September 1, 2019 📊 Are pollsters herding their polls of the 2020 Democratic primary?
Plus, Joe Biden's declining favorability, and what if the DNC used different polls for its debate thresholds?
Welcome! I’m G. Elliott Morris, data journalist for The Economist and blogger of polls, elections, and political science. Happy Sunday! Here’s my weekly email with links to what I’ve been reading and writing that puts the news in context with public opinion polls, political science, other data (some “big,” some small) and looks briefly at the week ahead. Feedback? Drop me a line or just respond to this email.
This week’s main read: A prominent pollster admitted this week to re-doing polls so they match the conventional wisdom. That’s a huge infraction for public pollsters that could bias our averages in a major way (though maybe campaign pollsters don’t care). Are other pollsters herding, too?

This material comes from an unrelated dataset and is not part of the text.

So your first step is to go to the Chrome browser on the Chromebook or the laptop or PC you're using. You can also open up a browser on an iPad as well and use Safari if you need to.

Thanks for reading my weekly email. Please consider sharing online and/or forwarding to a friend. If you’d like to read more of my writing, I publish subscribers-only content 1-3x a week on this platform. Click the button below to subscribe for $5/month (or $50 annually). You also get the ability to leave comments on posts and join in on private threads, which are fun places for discussion!
This Week's Big Question
Are pollsters herding their 2020 Democratic primary polls?
Right now, the answer mostly depends on what you think the “true” distribution of polls should look like.

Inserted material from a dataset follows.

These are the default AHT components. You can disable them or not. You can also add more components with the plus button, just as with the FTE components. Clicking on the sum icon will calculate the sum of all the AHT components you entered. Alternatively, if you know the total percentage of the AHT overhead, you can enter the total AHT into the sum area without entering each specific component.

Image: Marco Bianchetti; Unsplash.com
A prominent pollster is biasing their results to match the conventional wisdom. The revelation comes after Monmouth University released what turned out to be a clear “outlier” poll of the 2020 Democratic primary last week: Joe Biden had lost 13 percentage points since the outlet’s last poll in June, their newest data indicated—a shocking decline. The problem? Monmouth’s poll had just 300 Democrats in it, and the number likely occurred from sampling error. But Patrick Murray, the director of the Monmouth University Polling Institute took a principled stance in arguing that even outlier data, which occur naturally with some non-zero frequency via way of statistical distributions, deserved to be released to the public. Outliers ensure that the mathematical properties of our aggregates remain in-tact.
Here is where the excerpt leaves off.